◆ MATERIAL FOR THIS EXERCISE:
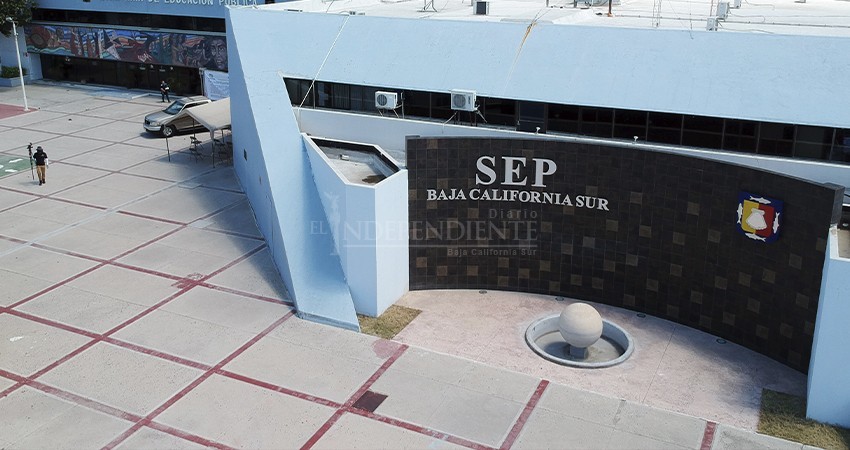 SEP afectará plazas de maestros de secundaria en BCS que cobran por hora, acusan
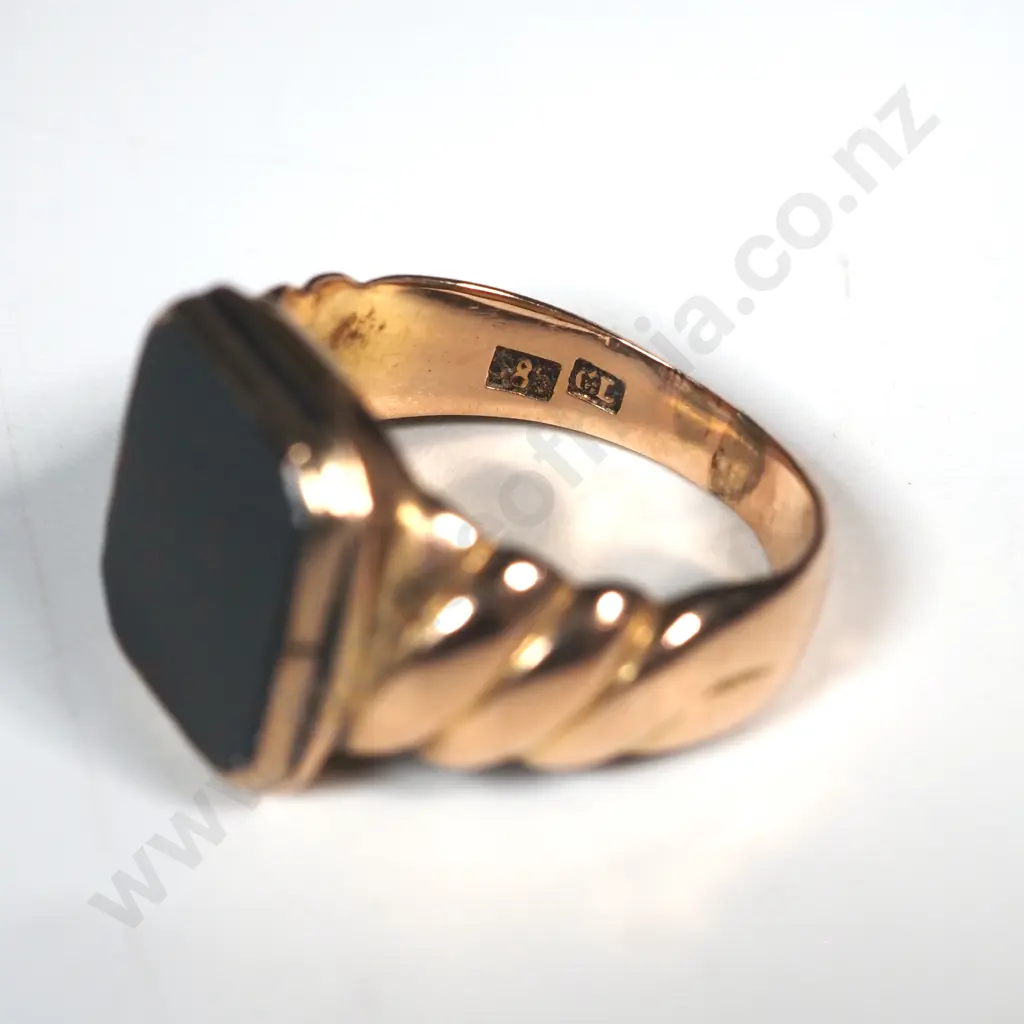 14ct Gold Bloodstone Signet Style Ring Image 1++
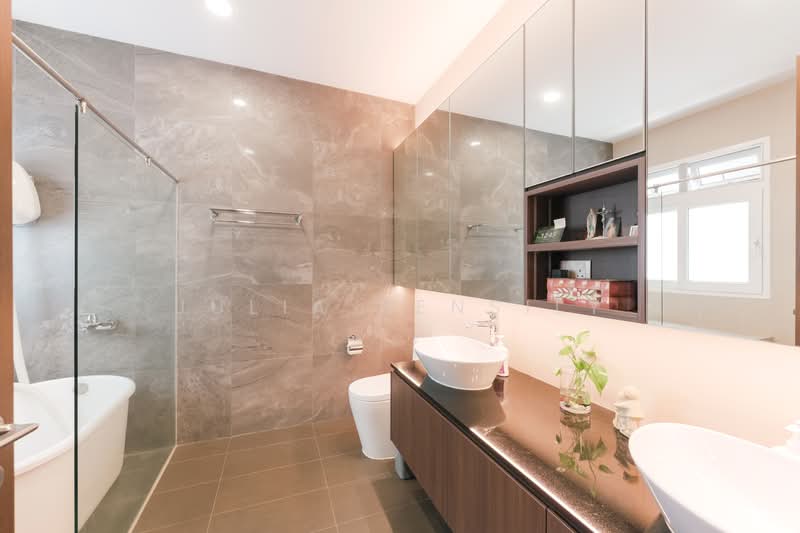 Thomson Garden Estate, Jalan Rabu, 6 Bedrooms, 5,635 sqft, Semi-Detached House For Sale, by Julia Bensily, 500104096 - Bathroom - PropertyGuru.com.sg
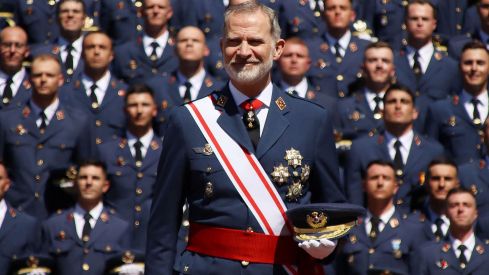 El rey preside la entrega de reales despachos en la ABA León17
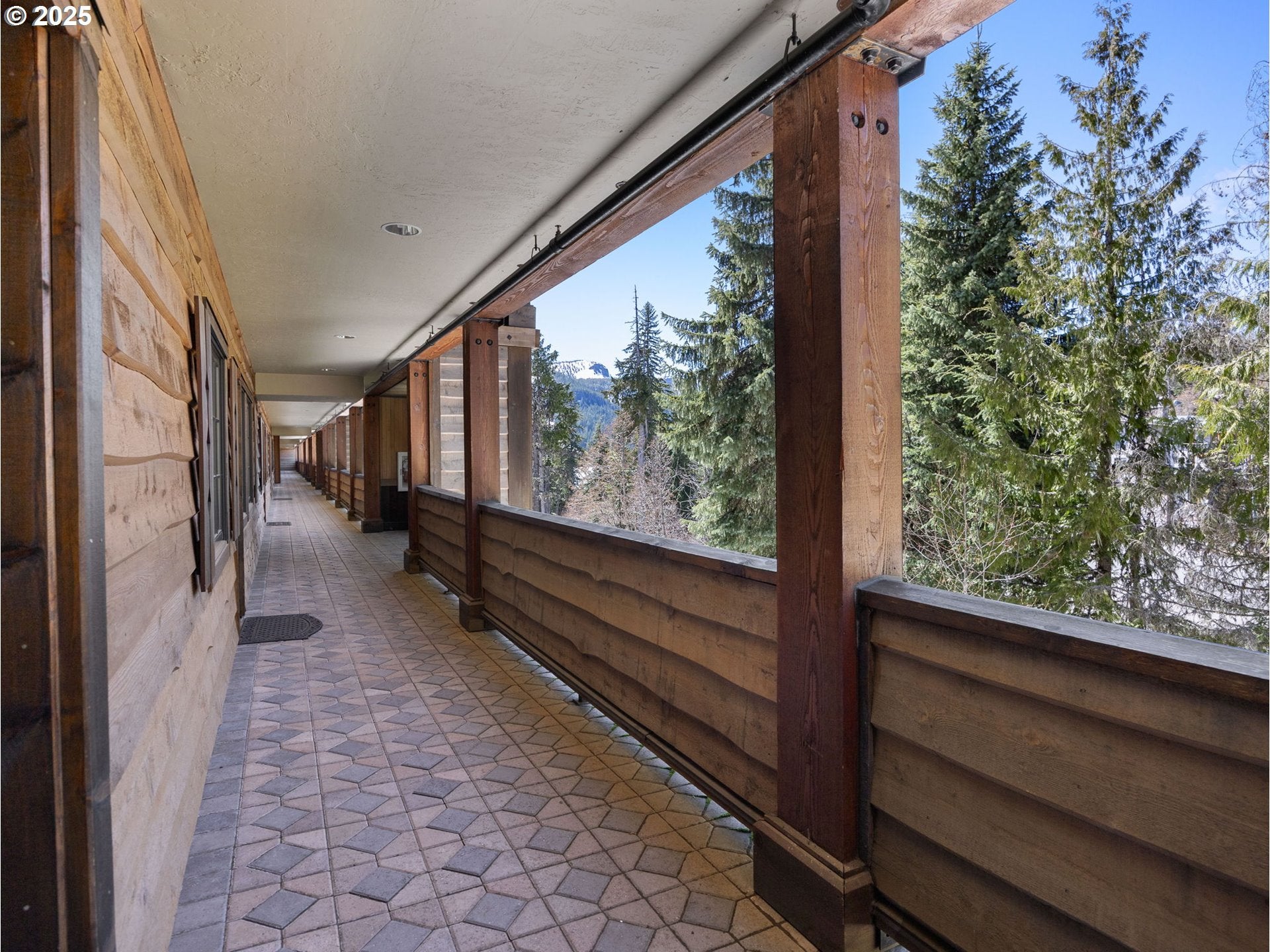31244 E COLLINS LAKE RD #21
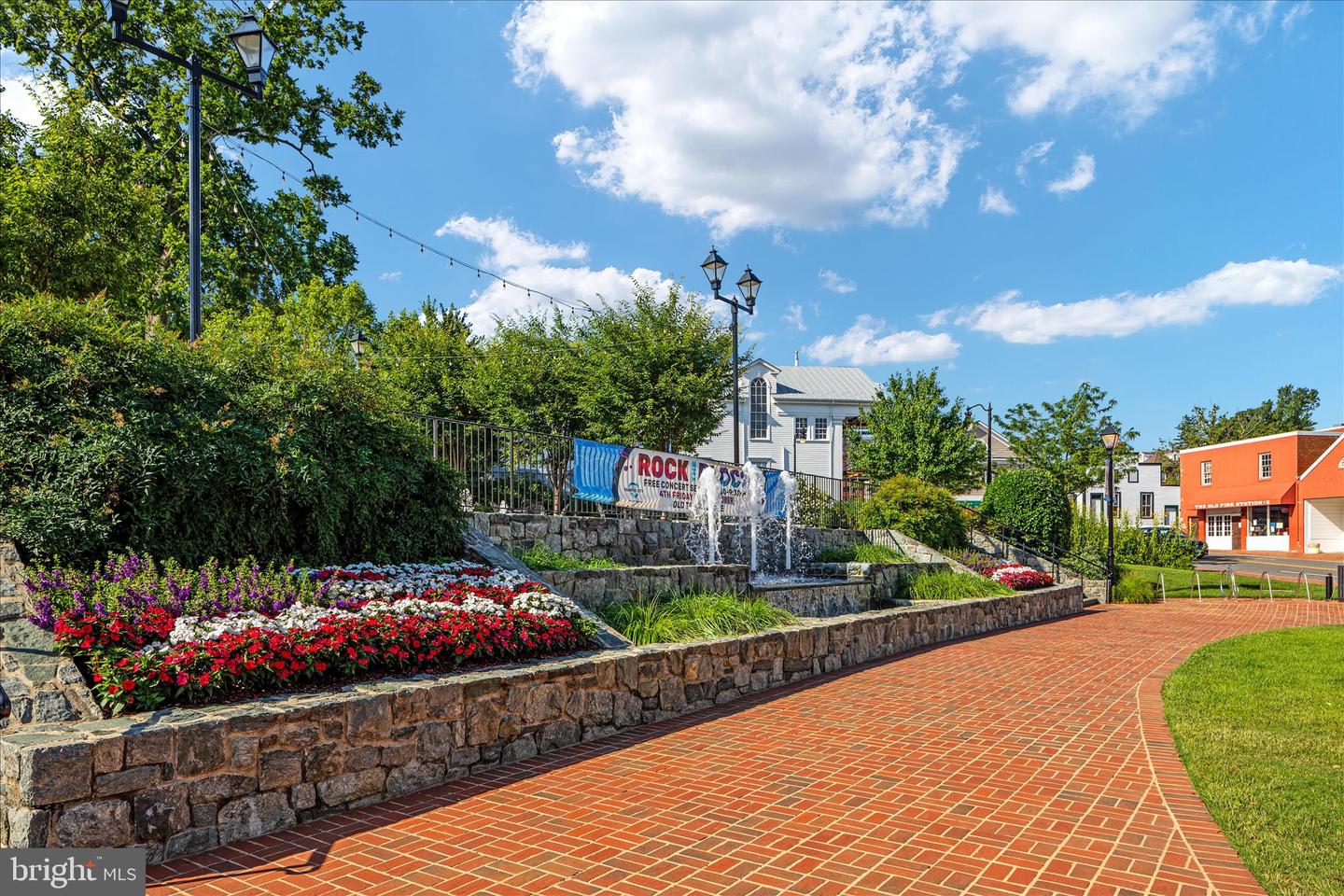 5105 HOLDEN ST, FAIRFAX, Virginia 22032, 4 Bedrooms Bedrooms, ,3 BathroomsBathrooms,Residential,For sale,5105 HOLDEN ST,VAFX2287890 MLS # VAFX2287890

◆ BRIEF: Write out again exactly the lines from the start of the data above through the line containing "El rey preside", inclusive, excluding any pictures.

◆ RESPONSE:
 SEP afectará plazas de maestros de secundaria en BCS que cobran por hora, acusan
 14ct Gold Bloodstone Signet Style Ring Image 1++
 Thomson Garden Estate, Jalan Rabu, 6 Bedrooms, 5,635 sqft, Semi-Detached House For Sale, by Julia Bensily, 500104096 - Bathroom - PropertyGuru.com.sg
 El rey preside la entrega de reales despachos en la ABA León17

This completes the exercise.